Justice ST. PAUL asks, How can it be argued that the adjudicatee, at an auction sale of real estate, for cash, has 10 days in which to pay the price, during which time the seller cannot begin the usual publications, "les publications d'usage," for a sale a la folle enchere? Article 2610 of the Civil Code answers the question, viz.: *Page 346

"If the object adjudged is an immovable for which the law requires that the act of sale shall be passed in writing, the purchaser may retain the price, and the seller the possession of the thing, until the act be passed.

"This act ought to be passed within twenty-four hours after the adjudication, if one of the parties requireit; he who occasions a further delay is responsible tothe other in damages." (The italics are mine.)

Then follows article 2611, saying that, if the adjudicatee has defaulted in the payment of the price, the seller may, at the end of 10 days, and after the usual publications, re-offer the property at public sale, at the risk of the adjudicatee who has defaulted. But that is not the only right or remedy of the seller in such case. Article 2608 of the Code declares, with regard to an adjudication at public auction, "the contract is from that time subject to the same rules which govern the ordinary contract of sale." And in Lalaurie v. Cahallen, 2 La. 401, it was observed that the right of the seller, in such case, to proceed by sale a la folle enchere, under article 2611 (old article 2589), was not his only right or remedy. It was said:

"When the last bidder does not comply with the terms of sale, the law authorizes the property to be put up again for sale; but it does not make it the duty of the vendor to do so, and leaves him at liberty to pursue all other legal remedies."
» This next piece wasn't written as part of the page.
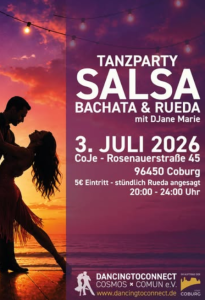 Salsa & Bachata Party in Coburg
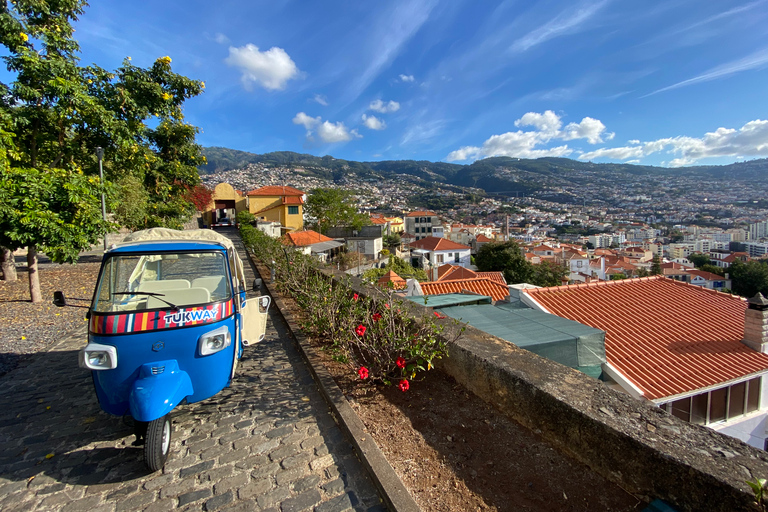 Funchal: Explore the City Sights on a Tuk-Tuk 2 Hours TourFunchal: Explore the City Sights on a Tuk-Tuk Tour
It has been suggested that the expression in article 2611 of the Code, "and after the customary notices," might mean "and after service of the notice of seizure, notice to appoint appraisers," etc. The possibility that that is the meaning is what has caused the doubt as to whether a sale of real estate a la folle enchere may be made without the usual advertisement or publication for 30 days. But when we read the original text we find that "customary notices" means "usual publications." If the redactors of the Code of 1870 had changed the language, in copying article 2589 of the Code of 1825, the language of the revised Code would have to *Page 347 prevail over that of the Code of 1825, according to the statute of 1870 amending and reenacting the Code. But it is well settled that the French text of the Code of 1825 must prevail over the English translation, wherever the translation is not literal or accurate. Therefore, if the language "customary notices" does not mean "usual publications," the French text, which says "publications d'usage," must prevail.

If this court had deliberately decided, in Stewart v. Paulding, or in Duncan v. Armant, that "aprés les publications d'usage" meant "after 10 days' publication," whether for movables or immovables, we might be justified in perpetuating the error. But it was not so decided in Stewart v. Paulding; and the learned author of the opinion in Duncan v. Armant was mistaken when he said it had been so decided. His statement to that effect was not at all pertinent to the decision of Duncan v. Armant. Therefore, if we say now that "aprés les publications d'usage" means "after 10 days' publication," whether for movable or immovable property, we are not merely repeating but making the error.